Road trip news, rants, and ruminations by the Editors of RoadsideAmerica.com
March 16, 2010
• Ricky Ranger, Crucified! M.T. Liggett, crusty Mullinville, Kansas, folk artist, has stirred up trouble with a new sculpture. It’s of Ricky Ranger — the mascot of the neighboring town of Greensburg — nailed to a crucifixion cross (And Liggett placed it on a road entering Greensburg). The town claims that it’s a “sign” and that it can be removed; Liggett says it’s “art” and cannot.

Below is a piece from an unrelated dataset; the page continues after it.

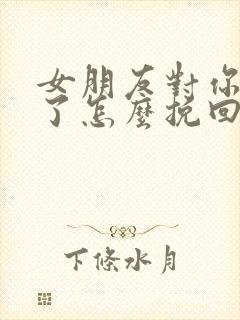 女朋友对你死心了怎么挽回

• Tanks, But No Tanks: The AAF Tank Museum in Danville, Virginia, got a scare when a senior citizen announced that he wanted to “make a donation,” set a mysterious package on the floor, and then walked out (It doesn’t sound scary to us, but a tank museum has to be careful). A local bomb squad was called, the museum was evacuated, and the package turned out to contain a 1922 French Hotchkiss 8mm light machine gun. Now the museum is wondering who the man was.
• Pedal Car Carhenge: The Durham Museum in Omaha, Nebraska, has opened an exhibit on American vacations — and its eye-catching centerpiece is a small-scale replica of Carhenge made from beat up old pedal cars. The cars were collected by octogenarian Bill “Speedy” Smith, and they’re also staged in dioramas visiting a kiddy-car-sized Grand Canyon, Mt Rushmore, and Kennedy Space Center. The exhibit runs through May 2.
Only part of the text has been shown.